▸ Goal of the exercise
The data that follows is to be copied exactly, with each image removed.

▸ Supplied information
+++

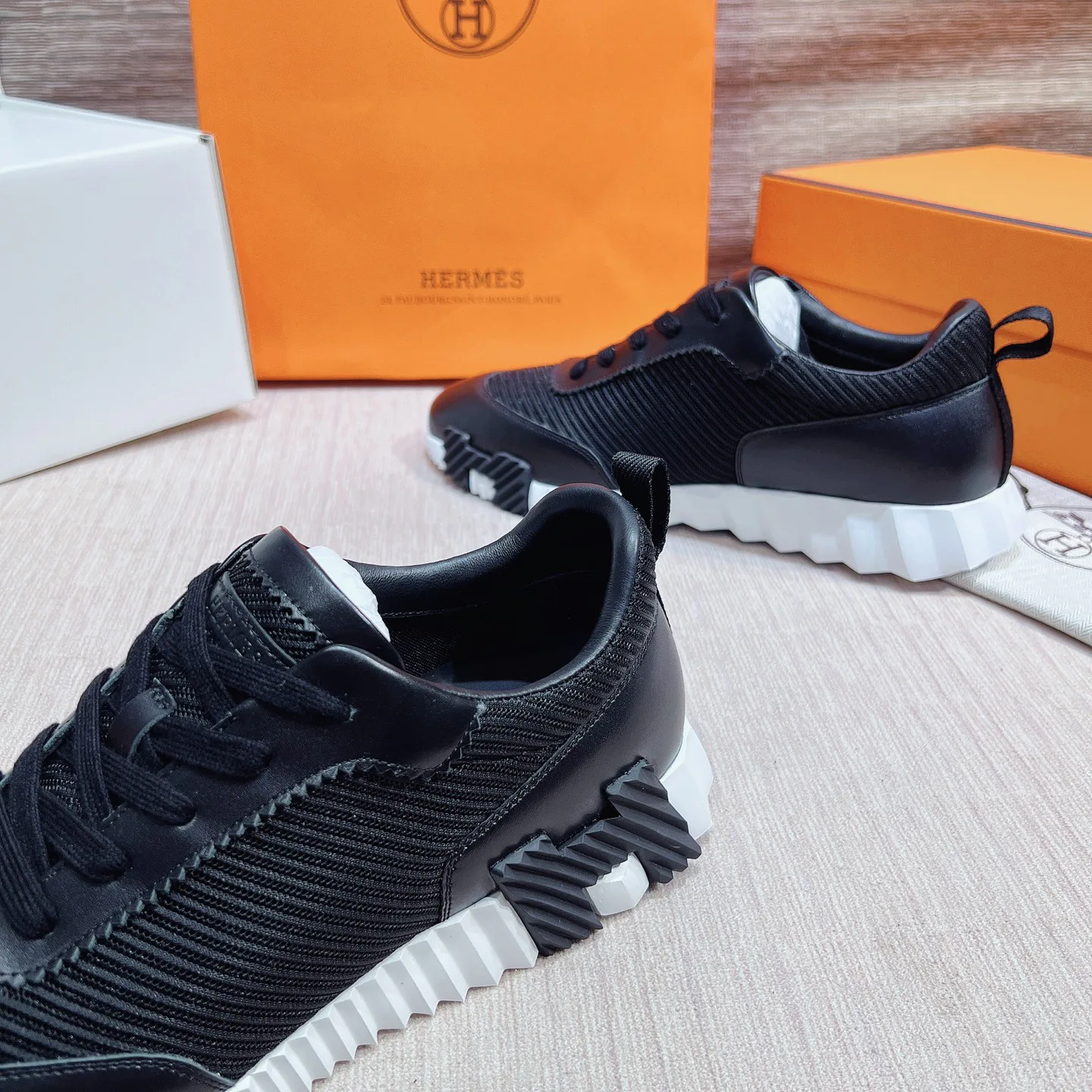 Кроссовки Женские Hermes 17749551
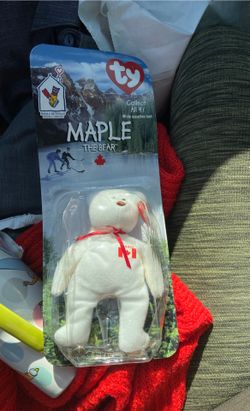 Mc Donald collection maple the bear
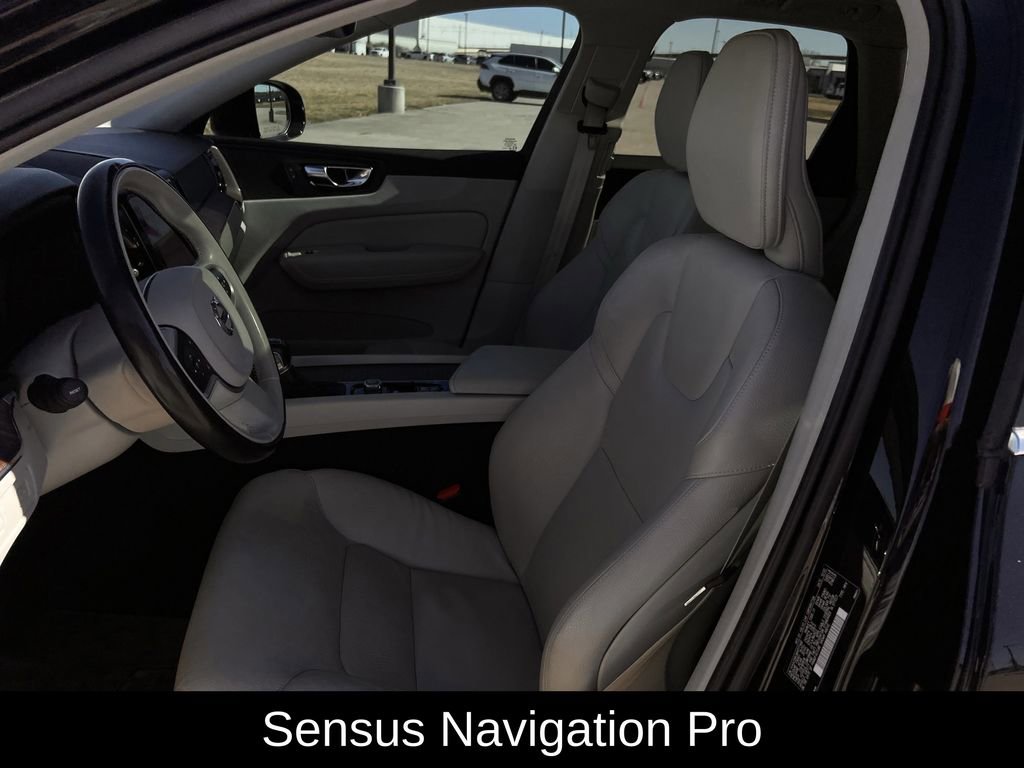 Used 2021 Volvo XC60 T6 Momentum image 27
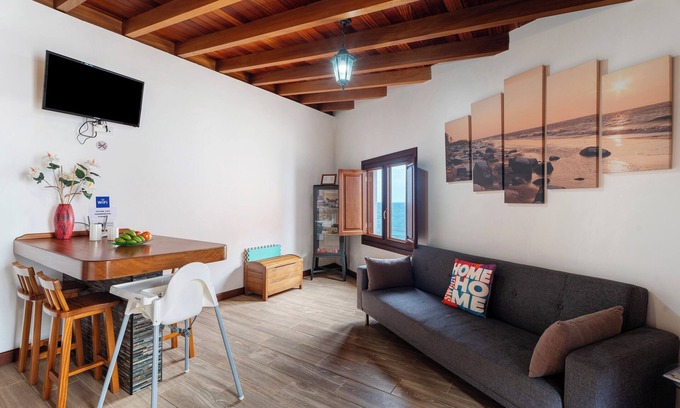 Los Silos House | Vacation Apartment 'Casa Frente Al Mar La Ponderosa' with Sea View, Private Terrace and Wi-Fi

+++

▸ Written answer
 Кроссовки Женские Hermes 17749551
 Mc Donald collection maple the bear
 Used 2021 Volvo XC60 T6 Momentum image 27
 Los Silos House | Vacation Apartment 'Casa Frente Al Mar La Ponderosa' with Sea View, Private Terrace and Wi-Fi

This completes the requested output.